Chronique du 29 Novembre 2000

Ô toi, lecteur assidu avide de nouvelles insulaires, sans doute ne t’apprendrai-je rien en te disant que depuis mon âge de raison (ce qui te donne un repère aussi précis que la dernière conviction d’un homme politique), j’ai vu un nombre considérable de projets tomber à l’eau sur la terre ferme.

Mais quand tout baigne sur le plancher des vaches, les pieds au sec en mangeant un T. Bone steak, pour le consommateur fébrile que nous devenons tous de plus en plus rapidement (que n’a-t-on pas consommé avant la première sortie vaginale !) quoi de plus naturel que l’oubli immédiat de la dernière noyade d’un ultime projet tombé dans les abysses de l’indifférence ?

Aussi, par décence et courtoisie, ne t’en citerai-je aucun.

L’échec, le 25 novembre 2000, de la conférence de La Haye qui aurait tout au plus garanti en cas de succès une montée des eaux dans quelques décennies (pour les plus optimistes) de 50 centimètres, m’amène à te dire que pour baigner demain, ça baignera encore, mais plus au propre qu’au figuré.
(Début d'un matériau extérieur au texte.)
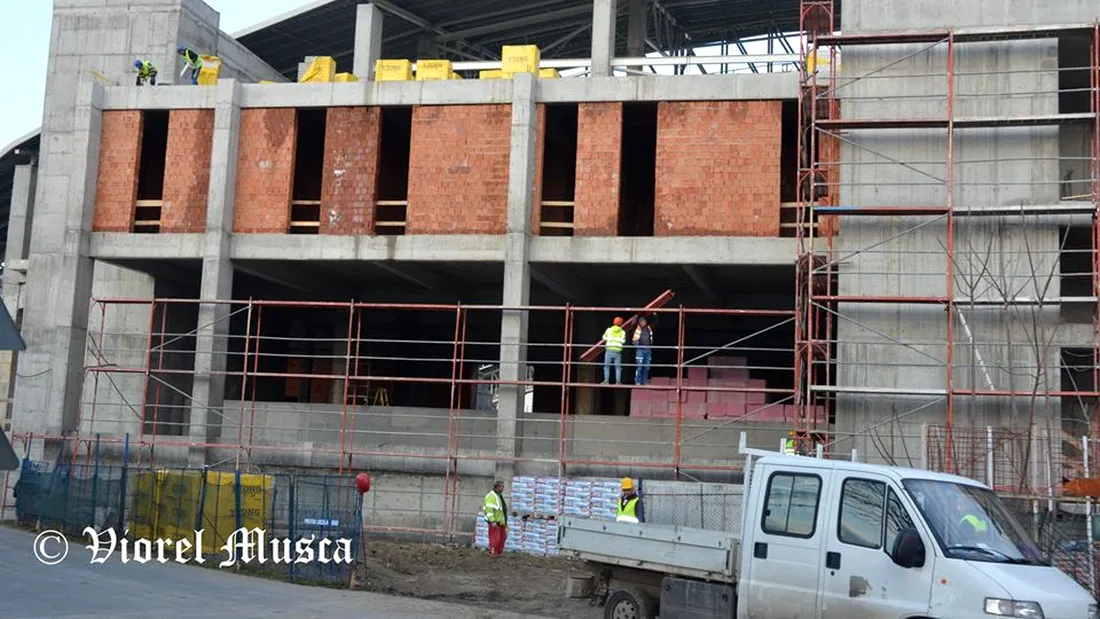 Fotbalul s-a oprit, lucrările la noul stadion din Arad avansează.** Ce urmează să se facă la arena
Nous aurons donc les cuisses propres en étant dans de sales draps quand la terre tombera à l’eau..

J’explique.

 À quelle hauteur déjà se trouve le village de Miquelon ?

 Quelle est l’élévation de l’ancienne piste de Saint-Pierre, promise à la construction ?

 As-tu déjà observé (ou t’es-tu procuré une photo, ô lecteur éloigné ?) le niveau de l’eau à l’Anse à Ravenel ?

 Te souviens-tu des quelques épisodes récents de flottaison dans les bas quartiers de Saint-Pierre ?

 Bref, as-tu repéré les zones inondables si la mer monte de cinquante centimètres ?
Le tout par grand calme, pour être volontairement rassurant.

Pesons les avantages.

 N’a-t-on pas levé les bras au ciel il y a plusieurs années quand on a fait le quai en eau profonde en nous écriant : les cons, il n’y a pas un paquebot qui cale un peu trop d’eau qui pourra accoster ! ? Plutôt que de creuser, ne sera-ce pas une aubaine de voir l’eau monter ?

 Pour les Saint-Pierrais résidents de Langlade, ne verra-t-on pas l’opportunité de demander une nouvelle municipalité, la dune ayant été coupée, comme en 1913, mais cette fois sans doute, définitivement. À moins que quelques paquebots ne viennent à y couler, ce qui régénérerait le sable.

 Miquelon ne deviendrait-elle pas une cité lacustre que l’on irait visiter en zodiac, à condition qu’on ait remplacé l’équipement défaillant du Grand Barachois et de trouver les financements pour payer les guides ?

 N’éprouverions-nous pas un malin plaisir à boire cul sec ?

 Les poules ne seraient-elles pas toujours aussi mouillées ?

 Ne pourrions-nous pas, à Saint-Pierre, être menés directement en bateau à la préfecture ?

 La construction des doris à fond plat ne se trouverait-elle pas revitalisée ?

 Ceux qui ont de la bouteille ne trouveraient-ils pas leur rôle renforcé ?

 L’ ” enfant perdu ” ne serait-il pas définitivement noyé alors qu’il représente un risque réel pour la navigation ?

 Saint-Pierre ne retrouverait-elle pas sa vocation maritime ?

 Les enfants ne retrouveraient-ils pas une nouvelle ferveur en chantant ” Maman les p’tits bateaux… ” ?

 Ne pourrait-on pas plus facilement noyer le poisson en jetant tout par la fenêtre ?

Mais quelques inconvénients pourraient émerger.
Je te laisse le soin de les imaginer. La disparition des 25kms de Miquelon te donne déjà une indication.